Under this line are records; the part from the line containing "Here I have" through the line containing "In this way, we" should be repeated exactly. Please exclude pictures.
+++
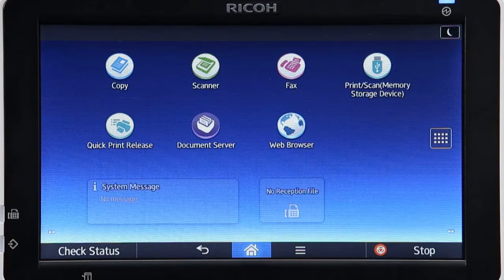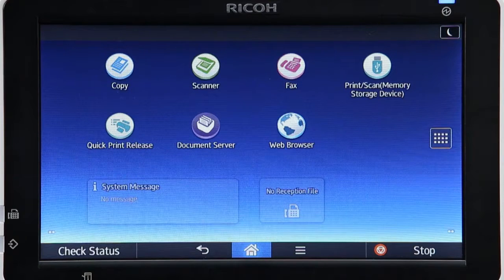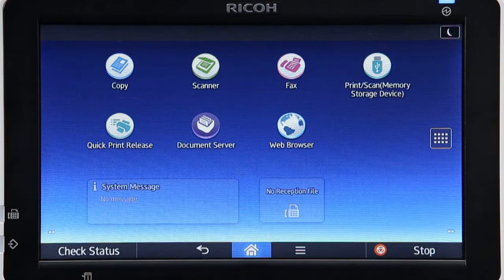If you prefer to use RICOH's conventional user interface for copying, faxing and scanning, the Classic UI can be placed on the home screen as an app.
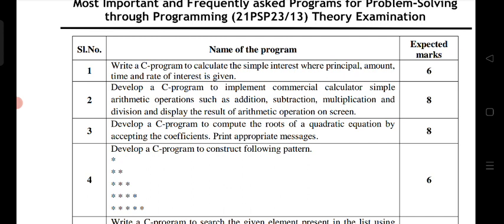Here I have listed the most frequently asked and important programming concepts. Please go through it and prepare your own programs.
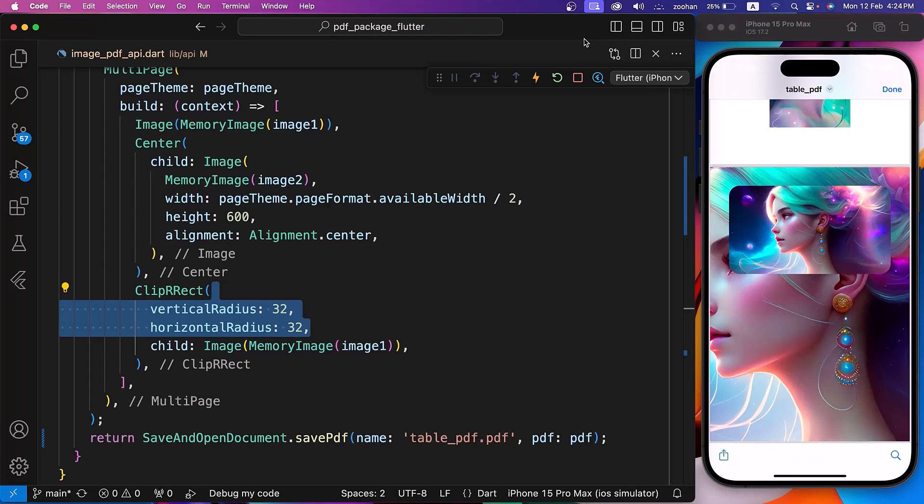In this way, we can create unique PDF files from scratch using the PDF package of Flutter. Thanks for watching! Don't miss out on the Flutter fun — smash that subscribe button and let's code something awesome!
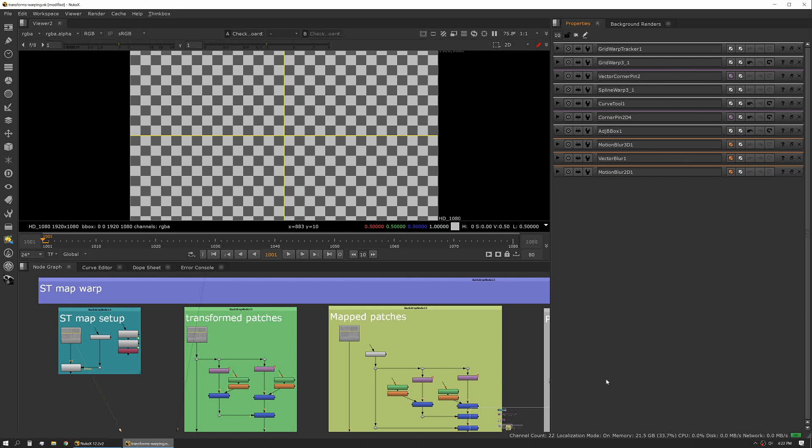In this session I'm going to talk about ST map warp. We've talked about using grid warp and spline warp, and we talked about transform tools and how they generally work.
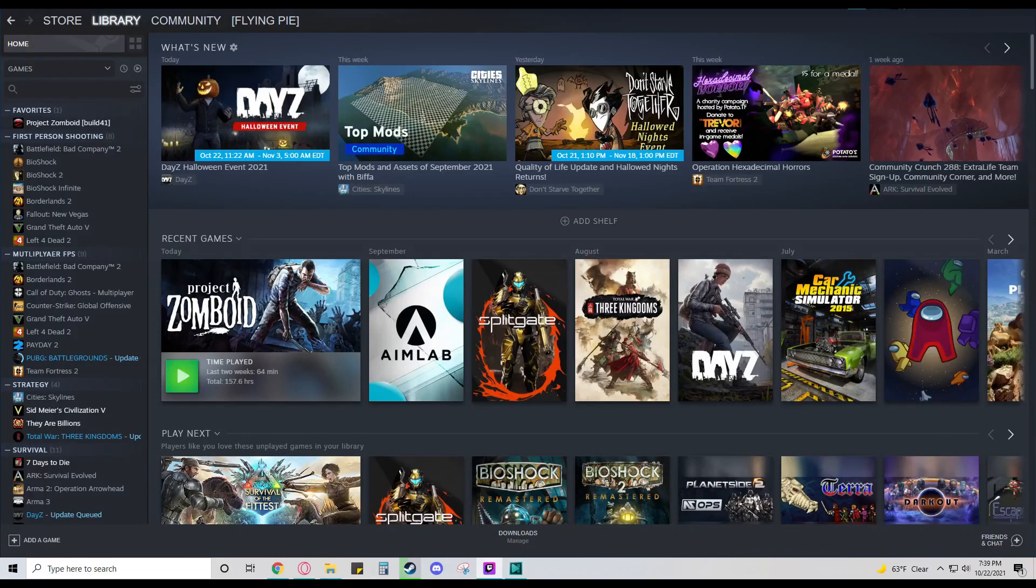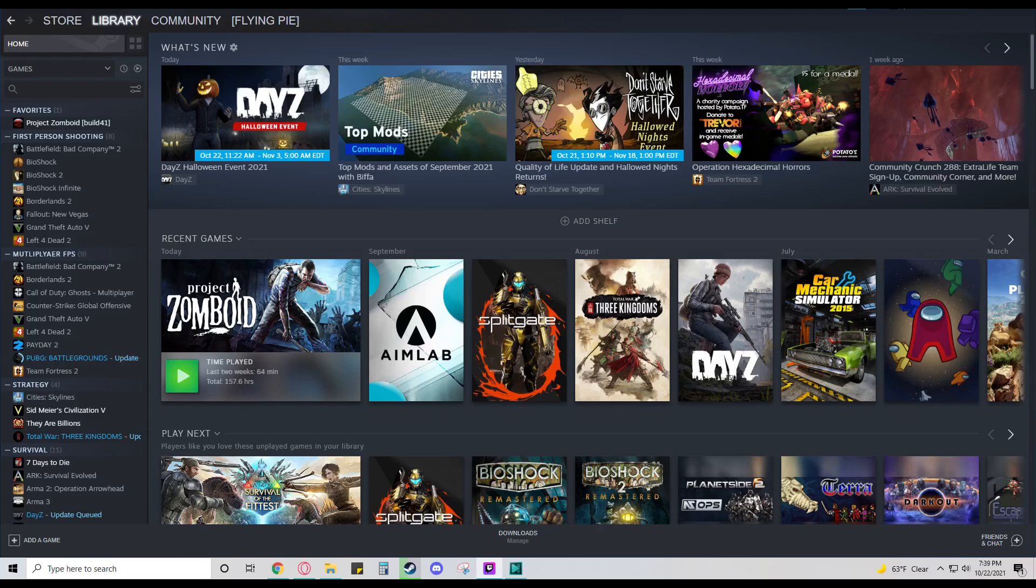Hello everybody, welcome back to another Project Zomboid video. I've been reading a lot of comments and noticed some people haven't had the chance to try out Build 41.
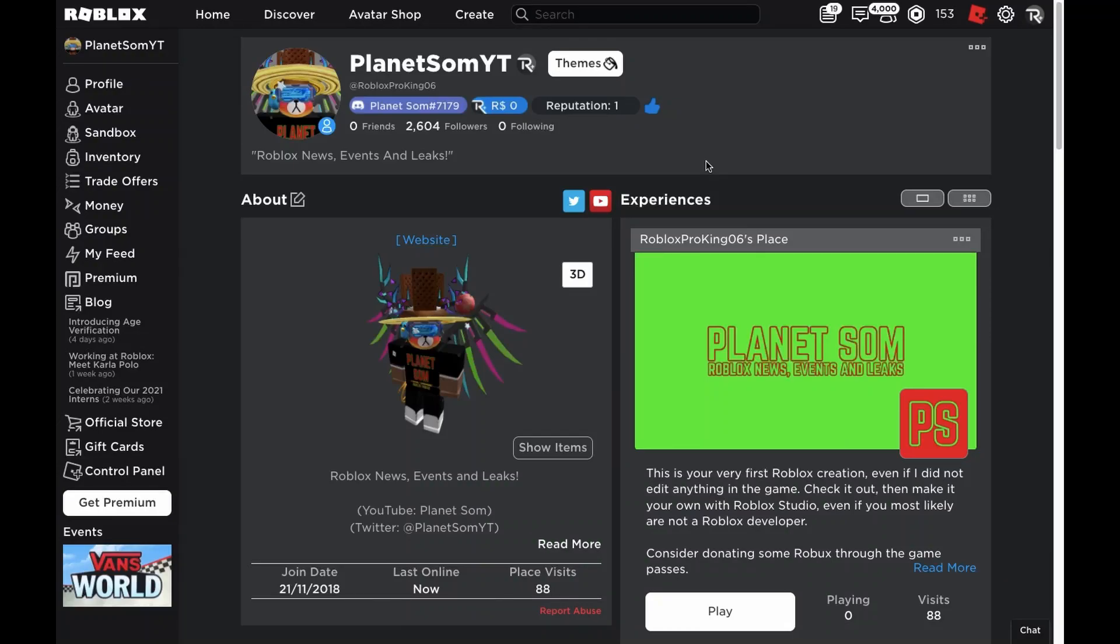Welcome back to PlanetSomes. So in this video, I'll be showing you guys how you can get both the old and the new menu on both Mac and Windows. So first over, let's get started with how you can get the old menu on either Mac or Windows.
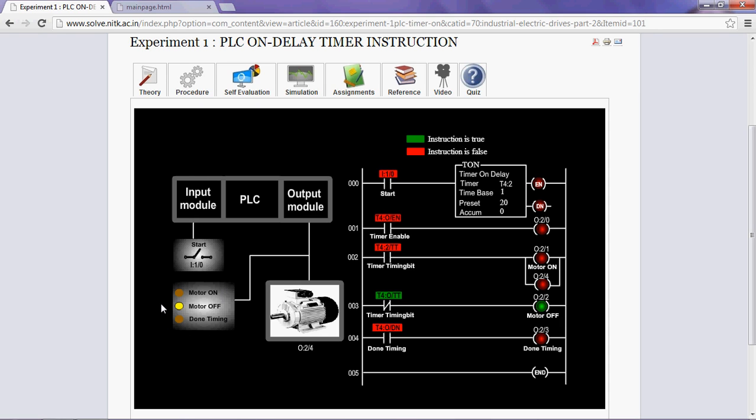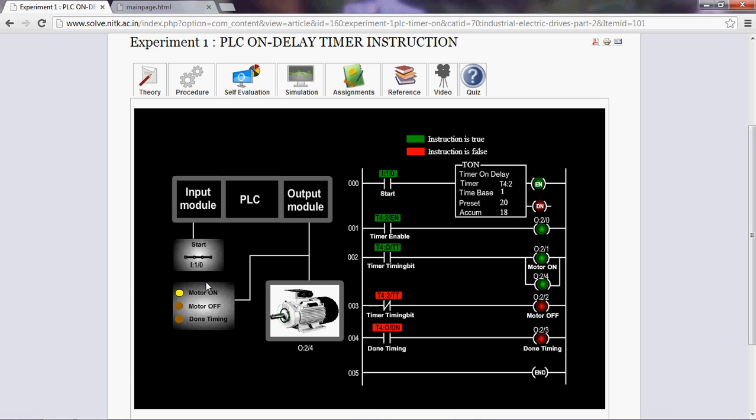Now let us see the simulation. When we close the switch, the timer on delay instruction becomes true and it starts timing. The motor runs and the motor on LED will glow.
+++
*EXERCISE RESPONSE:*
Here I have listed the most frequently asked and important programming concepts. Please go through it and prepare your own programs.
In this way, we can create unique PDF files from scratch using the PDF package of Flutter. Thanks for watching! Don't miss out on the Flutter fun — smash that subscribe button and let's code something awesome!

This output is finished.